--- EXERCISE MATERIAL Enclosed Below ---

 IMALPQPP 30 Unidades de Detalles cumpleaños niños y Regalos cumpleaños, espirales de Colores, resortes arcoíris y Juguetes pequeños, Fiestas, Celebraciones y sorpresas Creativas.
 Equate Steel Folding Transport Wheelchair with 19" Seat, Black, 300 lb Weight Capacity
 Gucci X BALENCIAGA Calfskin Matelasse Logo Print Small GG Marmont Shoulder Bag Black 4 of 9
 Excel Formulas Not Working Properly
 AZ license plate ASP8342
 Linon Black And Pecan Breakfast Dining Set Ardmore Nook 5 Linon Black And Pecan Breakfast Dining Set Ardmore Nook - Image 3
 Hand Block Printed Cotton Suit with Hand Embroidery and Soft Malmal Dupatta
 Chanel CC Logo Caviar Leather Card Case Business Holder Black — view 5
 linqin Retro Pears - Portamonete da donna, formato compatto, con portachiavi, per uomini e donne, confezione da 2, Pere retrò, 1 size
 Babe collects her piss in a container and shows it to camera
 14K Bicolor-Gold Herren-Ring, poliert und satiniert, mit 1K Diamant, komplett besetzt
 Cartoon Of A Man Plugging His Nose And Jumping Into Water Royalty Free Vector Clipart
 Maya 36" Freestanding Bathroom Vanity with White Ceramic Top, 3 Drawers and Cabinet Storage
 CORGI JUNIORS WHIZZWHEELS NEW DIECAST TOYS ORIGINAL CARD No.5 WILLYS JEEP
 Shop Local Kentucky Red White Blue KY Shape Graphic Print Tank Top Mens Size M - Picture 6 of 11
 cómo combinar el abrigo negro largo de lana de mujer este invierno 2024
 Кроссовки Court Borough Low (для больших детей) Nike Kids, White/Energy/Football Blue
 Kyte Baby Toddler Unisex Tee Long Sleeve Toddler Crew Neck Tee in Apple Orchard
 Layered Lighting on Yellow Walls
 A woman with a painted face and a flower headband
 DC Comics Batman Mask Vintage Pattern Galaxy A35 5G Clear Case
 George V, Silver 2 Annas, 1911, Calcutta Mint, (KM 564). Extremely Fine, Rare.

--- End of Enclosed EXERCISE MATERIAL ---

- [REQUIRED WORK] Transcribe the data. Leave every line exactly as it is.

- [EXERCISE RESPONSE]
 IMALPQPP 30 Unidades de Detalles cumpleaños niños y Regalos cumpleaños, espirales de Colores, resortes arcoíris y Juguetes pequeños, Fiestas, Celebraciones y sorpresas Creativas.
 Equate Steel Folding Transport Wheelchair with 19" Seat, Black, 300 lb Weight Capacity
 Gucci X BALENCIAGA Calfskin Matelasse Logo Print Small GG Marmont Shoulder Bag Black 4 of 9
 Excel Formulas Not Working Properly
 AZ license plate ASP8342
 Linon Black And Pecan Breakfast Dining Set Ardmore Nook 5 Linon Black And Pecan Breakfast Dining Set Ardmore Nook - Image 3
 Hand Block Printed Cotton Suit with Hand Embroidery and Soft Malmal Dupatta
 Chanel CC Logo Caviar Leather Card Case Business Holder Black — view 5
 linqin Retro Pears - Portamonete da donna, formato compatto, con portachiavi, per uomini e donne, confezione da 2, Pere retrò, 1 size
 Babe collects her piss in a container and shows it to camera
 14K Bicolor-Gold Herren-Ring, poliert und satiniert, mit 1K Diamant, komplett besetzt
 Cartoon Of A Man Plugging His Nose And Jumping Into Water Royalty Free Vector Clipart
 Maya 36" Freestanding Bathroom Vanity with White Ceramic Top, 3 Drawers and Cabinet Storage
 CORGI JUNIORS WHIZZWHEELS NEW DIECAST TOYS ORIGINAL CARD No.5 WILLYS JEEP
 Shop Local Kentucky Red White Blue KY Shape Graphic Print Tank Top Mens Size M - Picture 6 of 11
 cómo combinar el abrigo negro largo de lana de mujer este invierno 2024
 Кроссовки Court Borough Low (для больших детей) Nike Kids, White/Energy/Football Blue
 Kyte Baby Toddler Unisex Tee Long Sleeve Toddler Crew Neck Tee in Apple Orchard
 Layered Lighting on Yellow Walls
 A woman with a painted face and a flower headband
 DC Comics Batman Mask Vintage Pattern Galaxy A35 5G Clear Case
 George V, Silver 2 Annas, 1911, Calcutta Mint, (KM 564). Extremely Fine, Rare.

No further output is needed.